Ekip yılların verdiği tecrübeyle pek çok ülkenin güvenliğini tehdit ediyor ve adeta bir siber casusluk makinesi gibi çalışıyor.
Diplomatların ilgisini çekmek için hazırlanmış kurnaz bir planla başladı her şey.
Lüks bir arabanın (2009 model Audi Q7 Quattro) ilanıyla başlayan oyun diplomatları tuzağa düşürmeyi amaçlıyordu.
İlana inanan diplomatların cihazlarına farkında olmadan casus yazılımlar bulaştı. Bu sayede hackerlar diplomatların gizli bilgilerine ulaşabilecek hale geldiler.
APT28, adeta siber dünyanın gizli ajanları gibi çalışıyorlar. Yıllarca süren deneyimleriyle birçok önemli kişiyi hedef aldılar. İnsanları kandırmada oldukça başarılılar.
Özellikle e-postalar aracılığıyla tuzaklar kuruyorlar. Bu otomobil ilanı da onların ustalıklarını gösteren en iyi örneklerden biri.
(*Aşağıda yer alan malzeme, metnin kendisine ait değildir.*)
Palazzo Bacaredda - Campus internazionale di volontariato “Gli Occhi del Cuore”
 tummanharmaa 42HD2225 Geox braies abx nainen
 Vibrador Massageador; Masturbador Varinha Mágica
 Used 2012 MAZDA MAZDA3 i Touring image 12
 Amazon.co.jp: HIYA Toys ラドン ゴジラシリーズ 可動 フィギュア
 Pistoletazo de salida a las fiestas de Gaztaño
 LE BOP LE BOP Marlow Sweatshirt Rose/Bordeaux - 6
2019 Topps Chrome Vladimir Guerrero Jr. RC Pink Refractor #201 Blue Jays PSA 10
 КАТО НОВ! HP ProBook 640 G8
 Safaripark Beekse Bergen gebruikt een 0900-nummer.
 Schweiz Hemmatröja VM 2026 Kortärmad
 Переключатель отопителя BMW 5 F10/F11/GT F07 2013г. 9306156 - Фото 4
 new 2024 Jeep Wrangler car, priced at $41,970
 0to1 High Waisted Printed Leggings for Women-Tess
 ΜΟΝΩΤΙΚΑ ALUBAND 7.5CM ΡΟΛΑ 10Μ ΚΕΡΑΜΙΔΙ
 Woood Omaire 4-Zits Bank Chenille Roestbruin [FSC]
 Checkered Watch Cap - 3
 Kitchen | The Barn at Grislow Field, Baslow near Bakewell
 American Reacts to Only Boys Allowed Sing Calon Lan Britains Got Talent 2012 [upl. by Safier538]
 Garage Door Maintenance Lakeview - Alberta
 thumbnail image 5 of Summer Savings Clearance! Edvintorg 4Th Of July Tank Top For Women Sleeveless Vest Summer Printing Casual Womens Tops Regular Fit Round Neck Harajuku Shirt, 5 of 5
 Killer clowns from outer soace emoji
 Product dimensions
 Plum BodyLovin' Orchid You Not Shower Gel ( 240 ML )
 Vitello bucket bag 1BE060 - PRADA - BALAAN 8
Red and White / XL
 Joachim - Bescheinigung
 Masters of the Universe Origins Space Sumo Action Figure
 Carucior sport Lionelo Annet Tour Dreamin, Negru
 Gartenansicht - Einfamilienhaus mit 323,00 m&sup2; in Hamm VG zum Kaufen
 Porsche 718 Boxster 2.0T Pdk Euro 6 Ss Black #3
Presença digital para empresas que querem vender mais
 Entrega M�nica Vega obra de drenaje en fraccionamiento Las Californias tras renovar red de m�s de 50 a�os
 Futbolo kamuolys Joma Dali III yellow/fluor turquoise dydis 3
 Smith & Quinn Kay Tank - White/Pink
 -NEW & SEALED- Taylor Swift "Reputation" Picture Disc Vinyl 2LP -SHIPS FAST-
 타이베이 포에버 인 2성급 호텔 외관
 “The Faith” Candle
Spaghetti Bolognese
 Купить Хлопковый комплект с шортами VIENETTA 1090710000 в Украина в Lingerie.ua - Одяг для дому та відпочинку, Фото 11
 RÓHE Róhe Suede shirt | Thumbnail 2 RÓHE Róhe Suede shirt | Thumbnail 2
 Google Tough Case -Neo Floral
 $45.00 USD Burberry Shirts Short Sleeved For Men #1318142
Tıpkı bir balıkçı gibi dikkatsiz kişileri oltalarıyla yakalıyorlar.
APT28, tıpkı bir suikastçı gibi sessizce hareket ediyor. Hedeflerini uzun süre takip ederek, en uygun anı bekliyorlar.
Özellikle devlet sırları taşıyan kurumlar, askeri birimler ve stratejik şirketler onların hedefinde.
Operasyonlarının çoğu hedeflerin bilgisayar ağlarına sızmak ve hassas bilgileri çalmak üzerine kurulu.
Bu olayın hangi ülkeleri etkilediği henüz netlik kazanmasa da, Rusya ile sorun yaşayan ülkelerin hedefte olduğu düşünülüyor.
Rusya'nın gizli işlerini yapan APT28, genellikle Rusya'nın çıkarlarına zarar veren ülkelere saldırıyor.
Özellikle NATO üyesi ülkeler, Avrupa Birliği üyesi ülkeler ve ABD gibi ülkeler bu grubun sıkça hedef aldığı ülkeler arasında yer alıyorlar.
Sahte ilan yoluyla gerçekleştirilen bu operasyon siber güvenlik dünyasında büyük yankı uyandırdı.
Diplomatik çevrelerde büyük bir endişe yarattı ve pek çok ülke diplomatlarına yönelik güvenlik protokollerini yeniden gözden geçirdi.
Özellikle kimlik avı saldırılarına karşı alınması gereken önlemler ve farkındalık eğitimleri önem kazandı.
Günümüzde siber korsanların en sık kullandığı yöntemlerden biri, insanları kandırmak.
Yani, sanki güvenilir birinden gelmiş gibi görünen mesajlarla tuzak kuruyorlar.
Bu yüzden diplomatlar gibi önemli görevlerde bulunan kişilerin bilinçli olması çok önemli.
E-postalarına gelen her mesajı dikkatle incelemeli ve şüpheli durumlarda hemen uzmanlardan yardım almalılar.
Bilgisayarlarımızın koruyucusu gibi düşünebileceğimiz güvenlik yazılımları bu tür tuzaklara düşmemizi engellemeye çalışıyorlar.
Ayrıca güvenli internet bağlantıları kullanmak ve cihazlarımızı güncel tutmak da çok önemli.
Tıpkı bir araba gibi cihazlarımızı da düzenli bakıma sokmak gerekiyor.
Günümüzde birçok güvenlik yazılımı bulunuyor. Bu yazılımlar karmaşık işlemleri bizim yerimize yaparak bizi koruyorlar.
Cihazlarımızı güncel tutmak tıpkı bir evin bakımını yapmak gibi önemli.
Böylece güvenlik açıklarından faydalanan saldırılara karşı daha korunaklı hale geliriz.
Bu tarz önlemleri alarak siber dünyada daha güvenli bir şekilde hareket edebiliriz.
Akabinde ve detayında devletler ve kurumlar siber güvenlik önlemlerini sürekli olarak güncellemek ve geliştirmek zorunda.
İşbirliği ve bilgi paylaşımı siber tehditlerle mücadelede kritik öneme sahip.
Uluslararası işbirliği siber saldırılara karşı daha etkili ve koordineli bir savunma sağlayabilir.